─── Dataset content ───

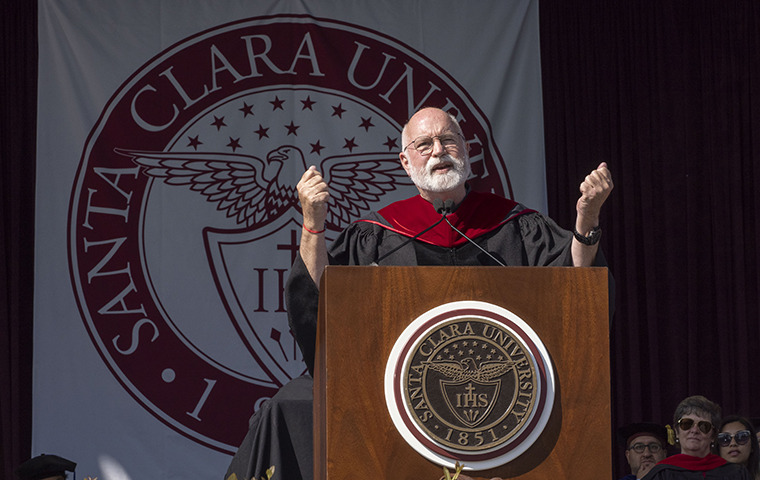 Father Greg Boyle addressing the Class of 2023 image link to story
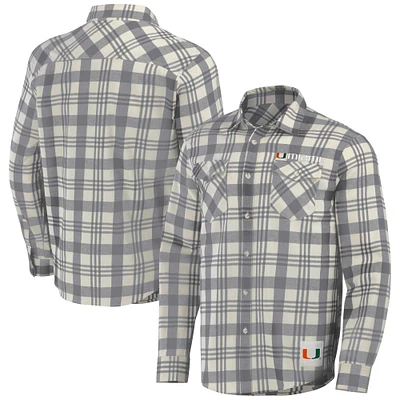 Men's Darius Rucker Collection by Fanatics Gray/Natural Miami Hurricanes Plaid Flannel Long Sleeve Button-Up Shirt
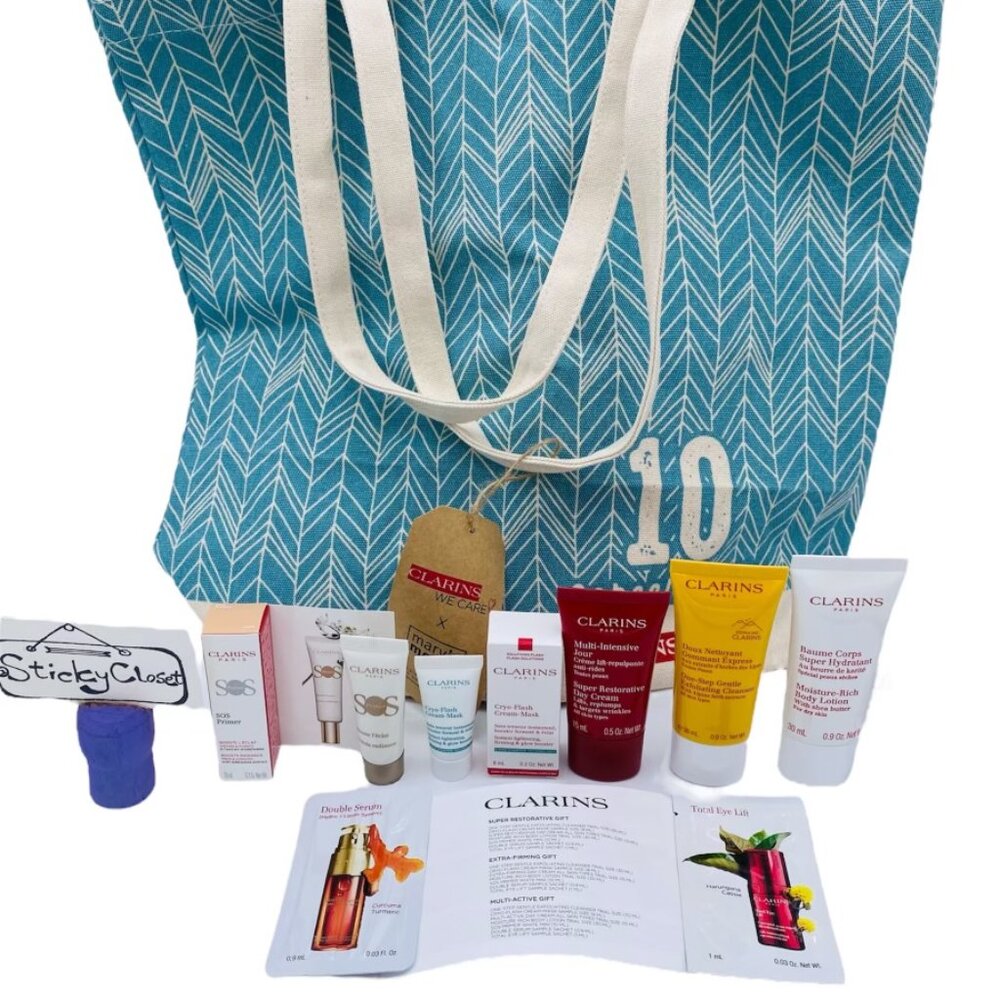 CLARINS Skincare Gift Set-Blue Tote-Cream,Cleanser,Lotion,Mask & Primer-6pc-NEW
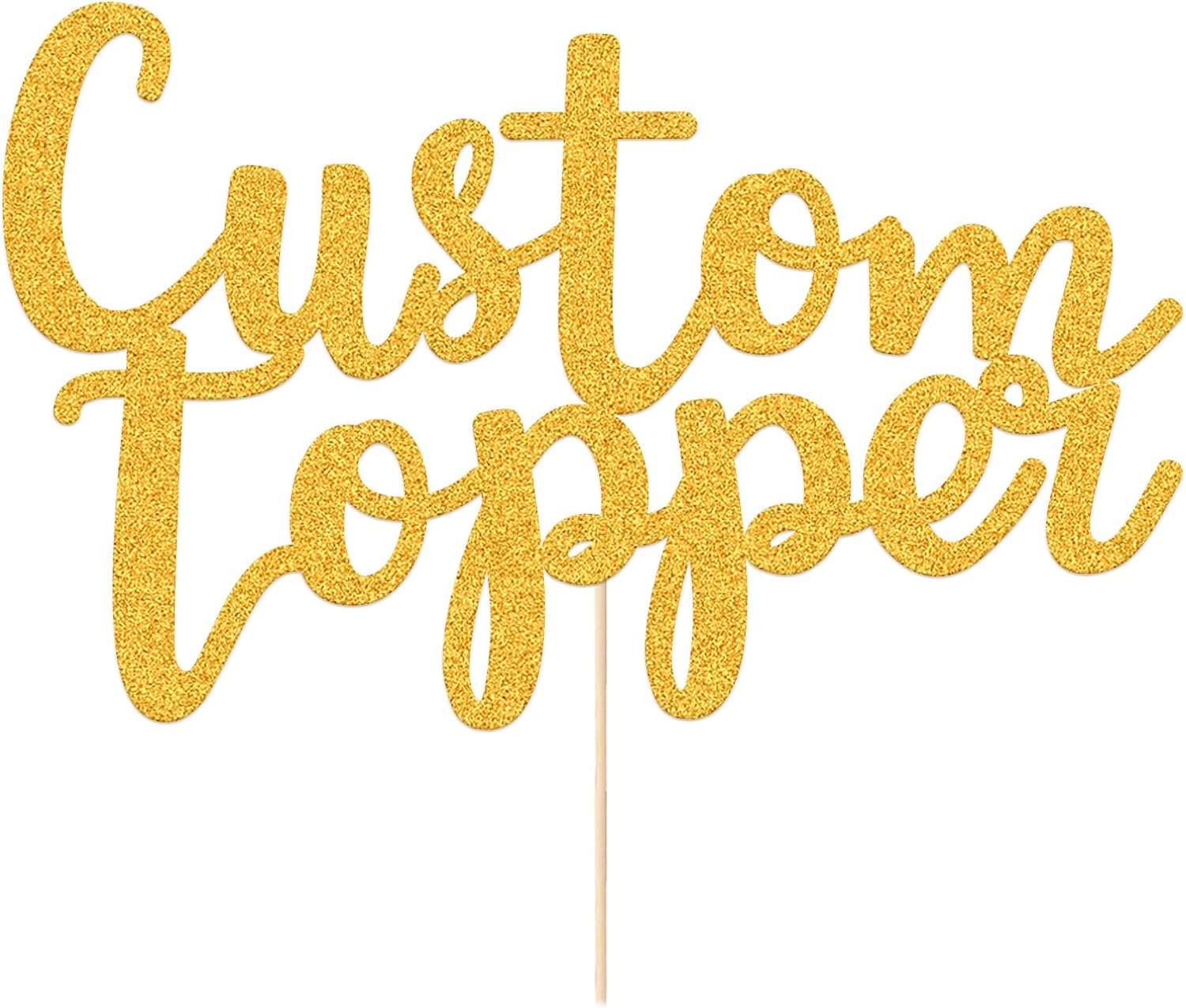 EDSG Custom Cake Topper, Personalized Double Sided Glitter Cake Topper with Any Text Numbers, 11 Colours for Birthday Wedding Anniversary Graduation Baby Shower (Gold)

───
─── Dataset content ───

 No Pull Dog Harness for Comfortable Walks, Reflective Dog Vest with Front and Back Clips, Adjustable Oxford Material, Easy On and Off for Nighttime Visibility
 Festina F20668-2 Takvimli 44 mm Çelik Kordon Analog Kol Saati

───

# About this task
In the listing above, find the line containing "Men's Darius Rucker". Output it and every line after it up to and including the line containing "EDSG Custom Cake", exactly, but skip the pictures.

# Output for this exercise
 Men's Darius Rucker Collection by Fanatics Gray/Natural Miami Hurricanes Plaid Flannel Long Sleeve Button-Up Shirt
 CLARINS Skincare Gift Set-Blue Tote-Cream,Cleanser,Lotion,Mask & Primer-6pc-NEW
 EDSG Custom Cake Topper, Personalized Double Sided Glitter Cake Topper with Any Text Numbers, 11 Colours for Birthday Wedding Anniversary Graduation Baby Shower (Gold)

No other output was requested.